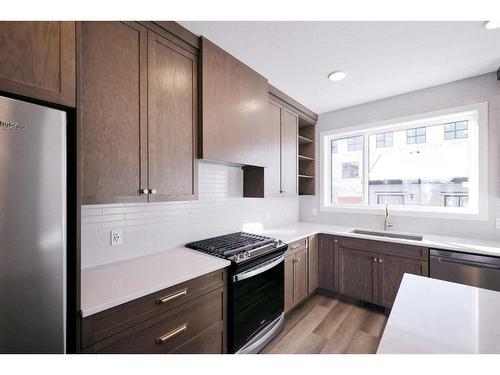 141 Treeline Avenue Sw, Calgary, AB - Indoor Photo Showing Kitchen With Upgraded Kitchen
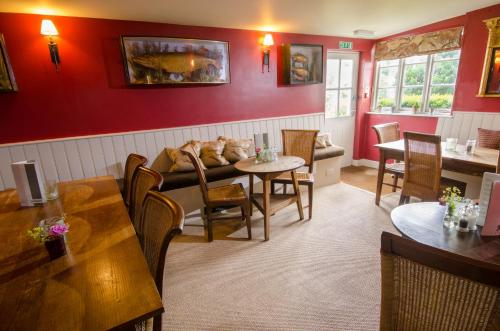 a restaurant with a couch and tables and chairs at Eltermere Inn in Elterwater
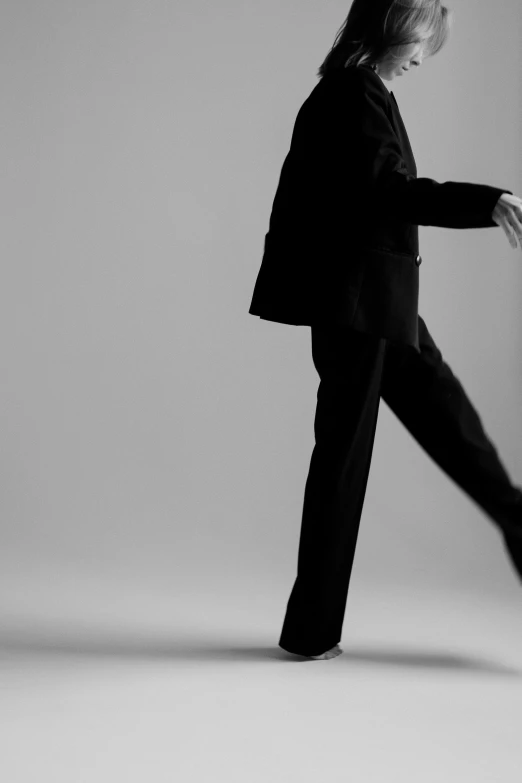 a woman wearing a suit is dancing in black and white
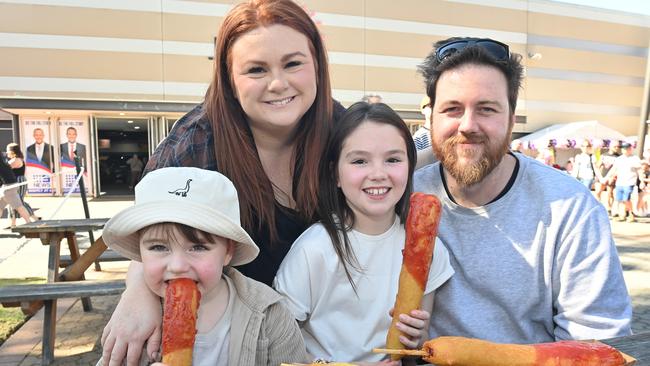 Hudson, 4, Emily Lock, Ava, 9, and Andrew Lock enjoying dagwood dogs at the Royal Adelaide Show. Picture: Keryn Stevens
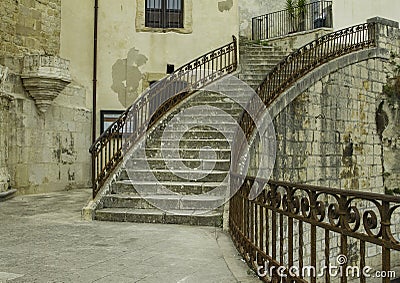 Artistic circular steps with antique decorated metal handrail in old Ragusa Ibla in Sicily Stock Photo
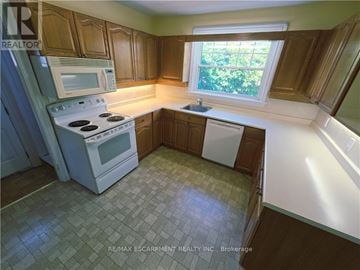 Burlington (Brant) apartment for rent - A kitchen with a white stove top oven and microwave, a white dishwasher, and wooden cabinets.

• _TASK DETAILS_
I'd like the records above given again exactly, please, without the pictures.

• _SOLVED PROBLEM_
 141 Treeline Avenue Sw, Calgary, AB - Indoor Photo Showing Kitchen With Upgraded Kitchen
 a restaurant with a couch and tables and chairs at Eltermere Inn in Elterwater
 a woman wearing a suit is dancing in black and white
 Hudson, 4, Emily Lock, Ava, 9, and Andrew Lock enjoying dagwood dogs at the Royal Adelaide Show. Picture: Keryn Stevens
 Artistic circular steps with antique decorated metal handrail in old Ragusa Ibla in Sicily Stock Photo
 Burlington (Brant) apartment for rent - A kitchen with a white stove top oven and microwave, a white dishwasher, and wooden cabinets.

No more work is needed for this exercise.